Segment Start: DATA SHOWN

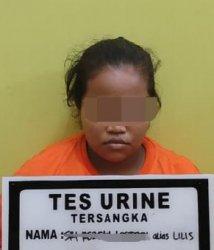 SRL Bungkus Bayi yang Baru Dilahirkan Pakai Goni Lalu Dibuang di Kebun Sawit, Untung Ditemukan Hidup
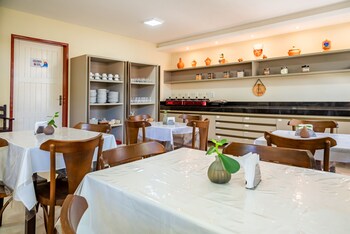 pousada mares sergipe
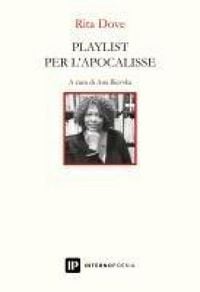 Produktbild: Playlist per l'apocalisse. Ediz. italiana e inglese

Segment End: DATA SHOWN

DESCRIPTION OF THE TASK: Produce a verbatim transcription of every line in the listing, images omitted.

ANSWER TO THIS EXERCISE:
 SRL Bungkus Bayi yang Baru Dilahirkan Pakai Goni Lalu Dibuang di Kebun Sawit, Untung Ditemukan Hidup
 pousada mares sergipe
 Produktbild: Playlist per l'apocalisse. Ediz. italiana e inglese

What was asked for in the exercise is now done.